Ustawa dotycząca ratyfikacji Funduszu Odbudowy Unii Europejskiej została podpisana przez prezydenta Niemiec Franka-Waltera Steinmeiera. Wcześniej Federalny Trybunał Konstytucyjny odrzucił zarzuty prawne przeciwko finansowanemu z długu planowi inwestycyjnemu.
Tym samym ze strony Niemiec nic nie stoi już na przeszkodzie, aby UE przeznaczyła 750 mld euro na fundusz odbudowy.
Skarga konstytucyjna
W środę niemiecki Federalny Trybunał Konstytucyjny odrzucił zarzuty prawne przeciwko finansowanemu z długu planowi inwestycyjnemu.
Bundestag większością dwóch trzecich głosów zatwierdził 25 marca wspólne zaciągnięcie przez kraje UE pożyczki na fundusz odbudowy, Bundesrat uczynił to dzień później. Jednak jeszcze tego samego dnia grupa skupiona wokół założyciela prawicowo-populistycznej Alternatywy dla Niemiec (AfD) Bernda Luckego złożyła w Karlsruhe wniosek nadzwyczajny i skargę konstytucyjną.
W związku z tym TK zakazał prezydentowi federalnemu podpisywania traktatu do czasu rozpatrzenia wniosku nadzwyczajnego. W środę TK podjął rozstrzygającą decyzję, dzięki której prezydent mógł dziś podpisać ustawę.
Fundusz Odbudowy
Unia Europejska zdecydowała w lipcu 2020 r. o nowym budżecie o bezprecedensowej wysokości 1,8 bln euro do 2027 r. Bardzo znaczna część tej kwoty – 750 mld euro, przeznaczona jest na pomoc gospodarkom w pandemii COVID-19. Państwa członkowskie mają otrzymać część tych pieniędzy w formie dotacji, a część w postaci pożyczek.

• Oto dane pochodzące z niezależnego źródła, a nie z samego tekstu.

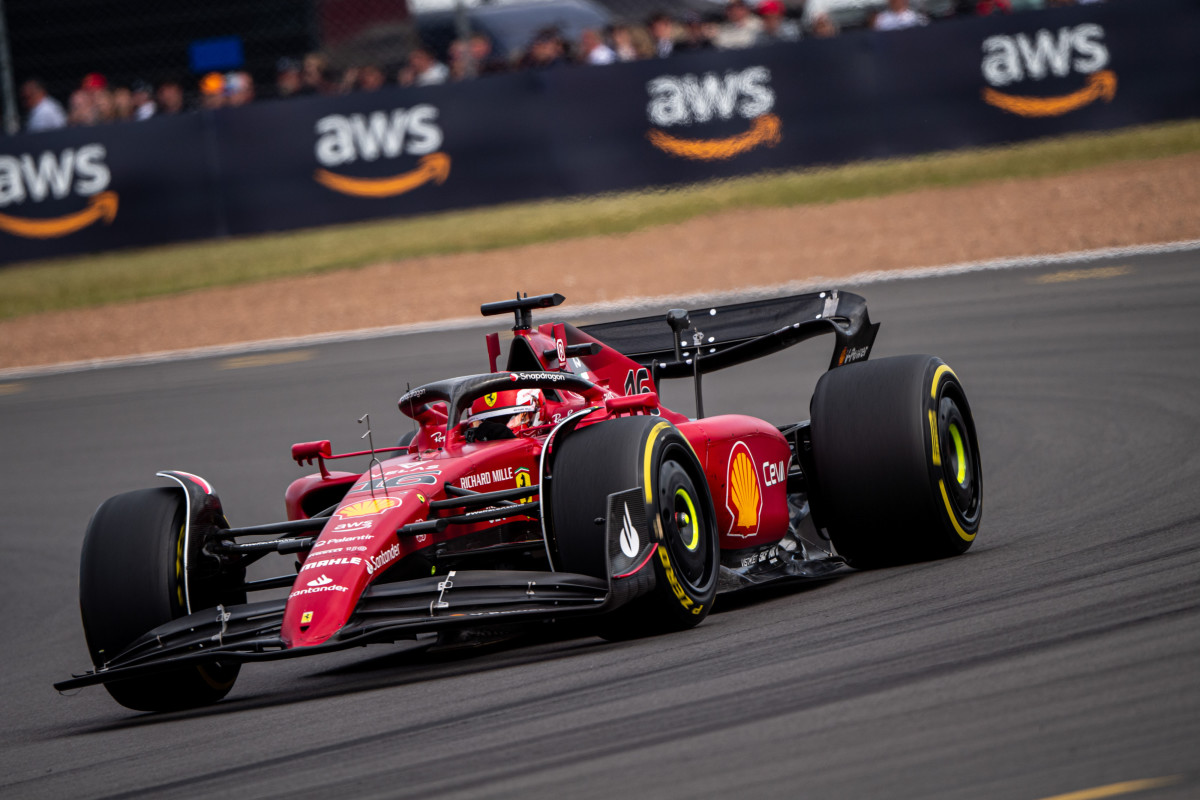 220058-scuderia-ferrari-british-gp-sunday (1)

Jednak Komisja Europejska może rozpocząć zaciąganie pożyczek i dokonywanie płatności dopiero po ratyfikowaniu decyzji przez wszystkie 27 krajów UE.

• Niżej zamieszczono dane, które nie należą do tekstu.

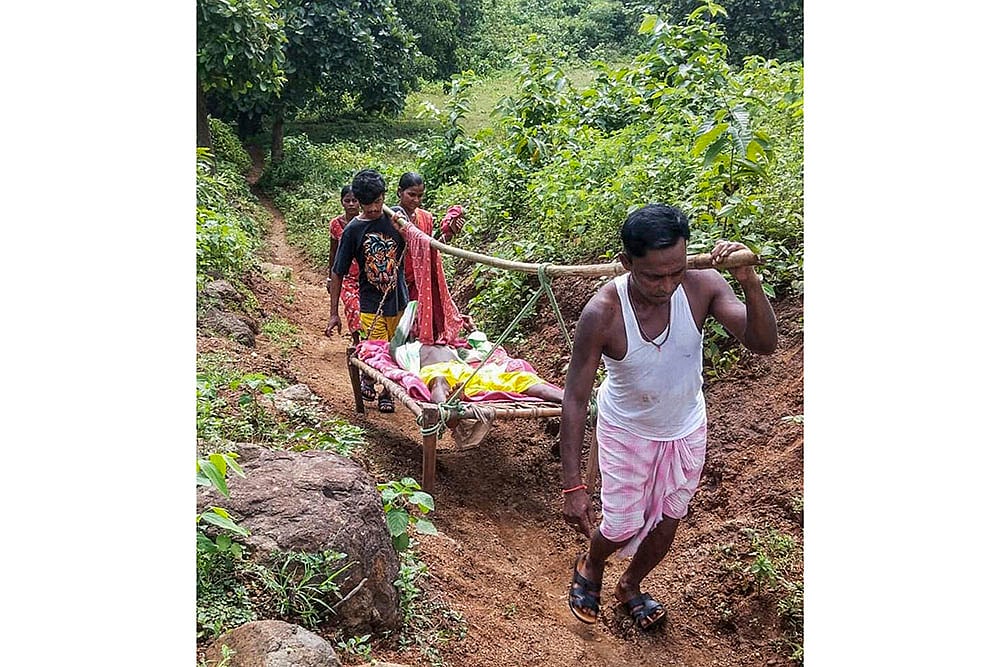Lack of connecting roads in Jharkhand village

Rząd Mateusza Morawieckiego w ubiegłym tygodniu miał po raz kolejny zająć się projektem ustawy o ratyfikacji zwiększenia zasobów własnych UE. Projekt został jednak zdjęty z porządku obrad rządu. W Zjednoczonej Prawicy nie ma w tej sprawie zgody – projektowi sprzeciwia się Solidarna Polska. Oficjalnej decyzji w sprawie głosowania nad ratyfikowaniem decyzji o zwiększeniu zasobów własnych nie podjęły kluby KO i Lewicy, a PSL uzależnia poparcie od przyjęcia warunków ugrupowania.

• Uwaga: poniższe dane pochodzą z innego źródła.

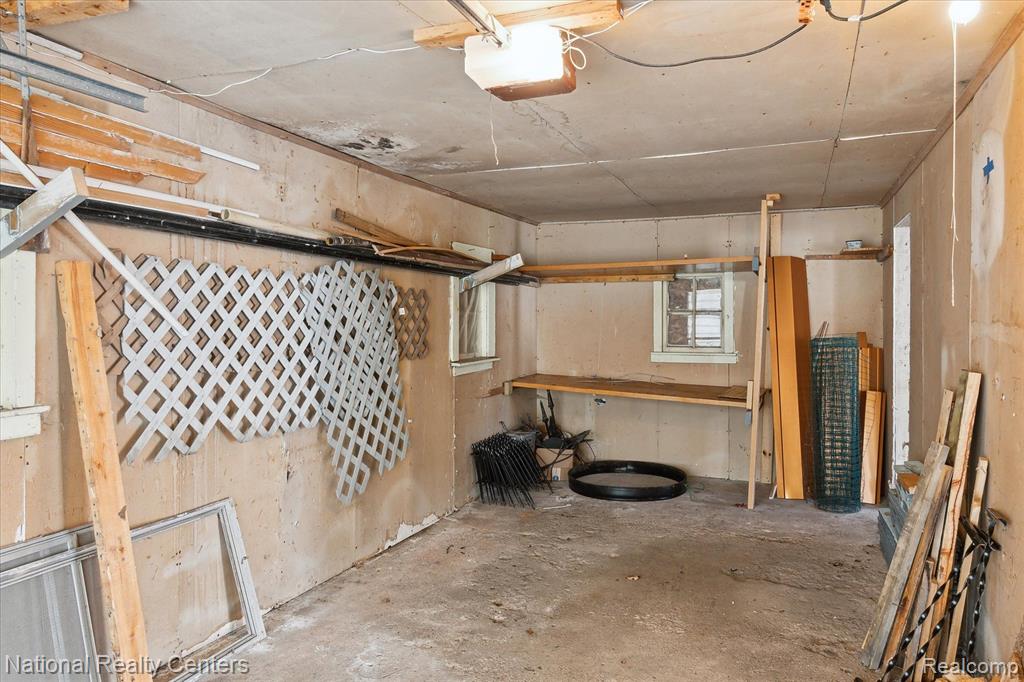 4955 WEBER Street, MI — Photo 33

- Ja mam nadzieję i tutaj rząd apeluje do parlamentu o przegłosowanie tych regulacji dotyczących środków własnych, bo to one otwierają drzwi nie tylko do Krajowego Programu Odbudowy (to polski plan na wydanie środków z unijnego Funduszu Odbudowy), ale również do umowy partnerstwa, czyli wszystkich środków unijnych – powiedział w czwartek premier Mateusz Morawiecki.
Z 58,1 mld euro (ok. 260 mld zł), które wynegocjowała Polska w ramach Funduszu Odbudowy, 24 mld euro to dotacje bezzwrotne, a 34 mld euro – pożyczki.